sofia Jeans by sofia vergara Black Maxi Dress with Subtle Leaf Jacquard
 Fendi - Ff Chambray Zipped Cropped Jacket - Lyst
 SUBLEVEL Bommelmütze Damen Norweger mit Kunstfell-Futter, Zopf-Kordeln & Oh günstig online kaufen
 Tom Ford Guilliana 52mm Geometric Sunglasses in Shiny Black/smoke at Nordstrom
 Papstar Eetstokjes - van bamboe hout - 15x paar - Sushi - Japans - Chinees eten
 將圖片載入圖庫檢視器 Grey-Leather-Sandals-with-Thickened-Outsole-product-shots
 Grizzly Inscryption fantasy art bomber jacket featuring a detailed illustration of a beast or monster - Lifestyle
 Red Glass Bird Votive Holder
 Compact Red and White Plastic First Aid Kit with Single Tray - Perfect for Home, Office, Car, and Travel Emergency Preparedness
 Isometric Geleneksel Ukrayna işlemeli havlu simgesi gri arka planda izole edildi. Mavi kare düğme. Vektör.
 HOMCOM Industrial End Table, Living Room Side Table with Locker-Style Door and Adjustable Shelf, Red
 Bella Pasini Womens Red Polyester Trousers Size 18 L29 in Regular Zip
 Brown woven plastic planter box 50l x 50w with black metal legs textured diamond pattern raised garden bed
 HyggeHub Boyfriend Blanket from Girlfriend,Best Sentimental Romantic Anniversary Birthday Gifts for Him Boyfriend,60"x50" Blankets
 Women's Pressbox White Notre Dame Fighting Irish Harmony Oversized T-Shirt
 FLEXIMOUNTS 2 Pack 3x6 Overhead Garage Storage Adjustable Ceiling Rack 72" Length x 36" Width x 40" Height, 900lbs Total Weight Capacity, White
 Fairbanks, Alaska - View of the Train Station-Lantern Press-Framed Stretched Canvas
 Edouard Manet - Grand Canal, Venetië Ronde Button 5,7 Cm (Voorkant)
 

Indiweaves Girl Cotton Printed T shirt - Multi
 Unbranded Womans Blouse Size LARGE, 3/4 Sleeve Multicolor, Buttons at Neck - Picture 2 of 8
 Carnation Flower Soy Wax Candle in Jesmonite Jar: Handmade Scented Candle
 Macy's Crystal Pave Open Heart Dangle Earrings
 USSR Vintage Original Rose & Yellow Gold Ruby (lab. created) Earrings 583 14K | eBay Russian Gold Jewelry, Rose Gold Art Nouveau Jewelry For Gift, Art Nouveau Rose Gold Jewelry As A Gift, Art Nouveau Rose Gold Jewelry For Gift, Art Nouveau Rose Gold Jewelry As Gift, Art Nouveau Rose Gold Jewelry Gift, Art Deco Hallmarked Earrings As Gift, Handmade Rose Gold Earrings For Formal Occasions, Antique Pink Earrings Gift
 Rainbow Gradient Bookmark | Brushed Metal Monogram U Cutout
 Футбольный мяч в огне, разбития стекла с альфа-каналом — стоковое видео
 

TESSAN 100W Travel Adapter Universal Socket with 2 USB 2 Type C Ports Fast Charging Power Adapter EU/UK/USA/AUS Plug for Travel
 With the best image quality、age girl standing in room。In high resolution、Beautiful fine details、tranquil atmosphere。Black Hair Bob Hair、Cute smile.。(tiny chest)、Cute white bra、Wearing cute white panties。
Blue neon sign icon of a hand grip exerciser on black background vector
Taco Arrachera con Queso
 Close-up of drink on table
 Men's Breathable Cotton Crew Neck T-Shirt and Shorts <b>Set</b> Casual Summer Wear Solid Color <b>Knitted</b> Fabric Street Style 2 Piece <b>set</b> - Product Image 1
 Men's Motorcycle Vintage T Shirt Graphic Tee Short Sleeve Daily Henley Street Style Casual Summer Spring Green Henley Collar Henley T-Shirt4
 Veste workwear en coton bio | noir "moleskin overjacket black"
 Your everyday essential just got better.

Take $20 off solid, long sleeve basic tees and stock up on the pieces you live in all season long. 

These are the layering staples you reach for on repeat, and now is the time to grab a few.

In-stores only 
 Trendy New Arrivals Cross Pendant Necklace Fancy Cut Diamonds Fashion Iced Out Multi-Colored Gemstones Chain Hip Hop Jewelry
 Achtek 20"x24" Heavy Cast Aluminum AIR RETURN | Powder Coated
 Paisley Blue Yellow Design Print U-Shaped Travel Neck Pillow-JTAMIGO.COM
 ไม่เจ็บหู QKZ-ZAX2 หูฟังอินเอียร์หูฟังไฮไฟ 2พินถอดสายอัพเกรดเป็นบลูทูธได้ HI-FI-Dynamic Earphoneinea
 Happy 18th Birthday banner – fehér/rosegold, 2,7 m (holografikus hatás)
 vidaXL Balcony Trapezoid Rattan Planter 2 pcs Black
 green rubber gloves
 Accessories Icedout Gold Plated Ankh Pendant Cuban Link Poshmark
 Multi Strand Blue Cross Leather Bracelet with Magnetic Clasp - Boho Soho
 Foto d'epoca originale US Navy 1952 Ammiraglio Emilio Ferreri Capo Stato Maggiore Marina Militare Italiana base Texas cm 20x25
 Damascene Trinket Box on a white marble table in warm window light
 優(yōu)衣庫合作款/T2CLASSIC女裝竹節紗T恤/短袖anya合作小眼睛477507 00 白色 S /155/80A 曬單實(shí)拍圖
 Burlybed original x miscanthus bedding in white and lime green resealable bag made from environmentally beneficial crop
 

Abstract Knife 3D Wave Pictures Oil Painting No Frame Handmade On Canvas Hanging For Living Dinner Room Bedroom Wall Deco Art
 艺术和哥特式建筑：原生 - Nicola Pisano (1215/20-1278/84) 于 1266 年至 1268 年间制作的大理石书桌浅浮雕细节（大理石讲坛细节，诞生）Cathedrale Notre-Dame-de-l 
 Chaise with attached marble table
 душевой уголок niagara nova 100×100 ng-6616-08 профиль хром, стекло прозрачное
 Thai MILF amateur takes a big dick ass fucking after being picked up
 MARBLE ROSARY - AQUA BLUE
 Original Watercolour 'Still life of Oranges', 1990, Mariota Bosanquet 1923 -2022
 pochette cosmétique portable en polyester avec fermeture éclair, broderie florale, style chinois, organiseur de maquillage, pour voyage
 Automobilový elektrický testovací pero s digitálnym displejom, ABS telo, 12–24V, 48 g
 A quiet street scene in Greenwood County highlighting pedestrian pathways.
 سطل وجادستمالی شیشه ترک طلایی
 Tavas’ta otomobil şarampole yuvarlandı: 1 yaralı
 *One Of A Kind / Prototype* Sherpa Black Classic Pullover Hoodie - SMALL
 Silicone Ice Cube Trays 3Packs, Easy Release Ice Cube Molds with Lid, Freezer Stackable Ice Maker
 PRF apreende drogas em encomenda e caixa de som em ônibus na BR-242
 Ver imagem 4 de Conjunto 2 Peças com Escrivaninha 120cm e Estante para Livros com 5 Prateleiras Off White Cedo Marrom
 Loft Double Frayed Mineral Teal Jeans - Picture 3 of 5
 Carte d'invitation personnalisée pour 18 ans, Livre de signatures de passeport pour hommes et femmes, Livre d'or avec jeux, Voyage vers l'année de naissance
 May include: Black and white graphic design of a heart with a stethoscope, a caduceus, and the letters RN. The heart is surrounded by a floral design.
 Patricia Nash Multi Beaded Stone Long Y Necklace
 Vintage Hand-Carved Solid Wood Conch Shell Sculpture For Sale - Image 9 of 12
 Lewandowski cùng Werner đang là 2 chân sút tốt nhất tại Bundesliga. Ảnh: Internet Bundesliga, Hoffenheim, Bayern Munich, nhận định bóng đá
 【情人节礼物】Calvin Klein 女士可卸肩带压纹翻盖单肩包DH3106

**What to do**
Only one part of the material above is to be transcribed, namely the lines starting with the line that has "Brown woven plastic" and going on through the line that has "Men's Motorcycle Vintage", exactly as they stand.

**Output of the exercise**
 Brown woven plastic planter box 50l x 50w with black metal legs textured diamond pattern raised garden bed
 HyggeHub Boyfriend Blanket from Girlfriend,Best Sentimental Romantic Anniversary Birthday Gifts for Him Boyfriend,60"x50" Blankets
 Women's Pressbox White Notre Dame Fighting Irish Harmony Oversized T-Shirt
 FLEXIMOUNTS 2 Pack 3x6 Overhead Garage Storage Adjustable Ceiling Rack 72" Length x 36" Width x 40" Height, 900lbs Total Weight Capacity, White
 Fairbanks, Alaska - View of the Train Station-Lantern Press-Framed Stretched Canvas
 Edouard Manet - Grand Canal, Venetië Ronde Button 5,7 Cm (Voorkant)
 

Indiweaves Girl Cotton Printed T shirt - Multi
 Unbranded Womans Blouse Size LARGE, 3/4 Sleeve Multicolor, Buttons at Neck - Picture 2 of 8
 Carnation Flower Soy Wax Candle in Jesmonite Jar: Handmade Scented Candle
 Macy's Crystal Pave Open Heart Dangle Earrings
 USSR Vintage Original Rose & Yellow Gold Ruby (lab. created) Earrings 583 14K | eBay Russian Gold Jewelry, Rose Gold Art Nouveau Jewelry For Gift, Art Nouveau Rose Gold Jewelry As A Gift, Art Nouveau Rose Gold Jewelry For Gift, Art Nouveau Rose Gold Jewelry As Gift, Art Nouveau Rose Gold Jewelry Gift, Art Deco Hallmarked Earrings As Gift, Handmade Rose Gold Earrings For Formal Occasions, Antique Pink Earrings Gift
 Rainbow Gradient Bookmark | Brushed Metal Monogram U Cutout
 Футбольный мяч в огне, разбития стекла с альфа-каналом — стоковое видео
 

TESSAN 100W Travel Adapter Universal Socket with 2 USB 2 Type C Ports Fast Charging Power Adapter EU/UK/USA/AUS Plug for Travel
 With the best image quality、age girl standing in room。In high resolution、Beautiful fine details、tranquil atmosphere。Black Hair Bob Hair、Cute smile.。(tiny chest)、Cute white bra、Wearing cute white panties。
Blue neon sign icon of a hand grip exerciser on black background vector
Taco Arrachera con Queso
 Close-up of drink on table
 Men's Breathable Cotton Crew Neck T-Shirt and Shorts <b>Set</b> Casual Summer Wear Solid Color <b>Knitted</b> Fabric Street Style 2 Piece <b>set</b> - Product Image 1
 Men's Motorcycle Vintage T Shirt Graphic Tee Short Sleeve Daily Henley Street Style Casual Summer Spring Green Henley Collar Henley T-Shirt4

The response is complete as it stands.